We have some very resource-dependent, hard-working, quite conservative communities in my riding. We had forest firefighters who had been in the business for 30 years, not exactly the tree-hugging David Suzuki types, coming to me and saying that these fires were different. They had been fighting these fires for three decades, and they had never before seen the intensity that they were seeing. They said that the normal patterns of the fires were different. The scale and speed and scope of what they were seeing was different, and it is the climate.
Farmers are not understanding how the precipitation works anymore, because we do not get the snowfall we used to get, or the consistent patterns.
We have seen flooding. The city of Ottawa, where Parliament exists, declared a state of climate emergency. We are watching flood patterns change.

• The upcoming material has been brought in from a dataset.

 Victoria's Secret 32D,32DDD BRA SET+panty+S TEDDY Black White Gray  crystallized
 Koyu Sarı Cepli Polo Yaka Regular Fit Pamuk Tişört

The 100-year floods, 500-year floods, are happening every two years.
This is exactly what was predicted. The only thing that the global climate scientists were wrong about is that they thought it would not start happening until 2030 or 2040. Here we are, not even in 2020, and it is happening now.
If members want to debate gas prices, that is fine; we can talk about that. Let us talk about companies that gouge Canadians at the pump. If members want to talk about carbon pricing, that is fine; we can talk about that. However, it has to be in a plan that gets us to where we need to go. As we know, Canadians use more energy per capita and produce more greenhouse gases per capita than any other country in the world.
We have a lot to account for. We cannot continue to stand on the world stage, waggle our finger at other countries and say to be more like Canada. That is not a solution today. However, it should be a solution for the future, and I think the NDP will bring forward that green and bold new plan that will fulfill that promise.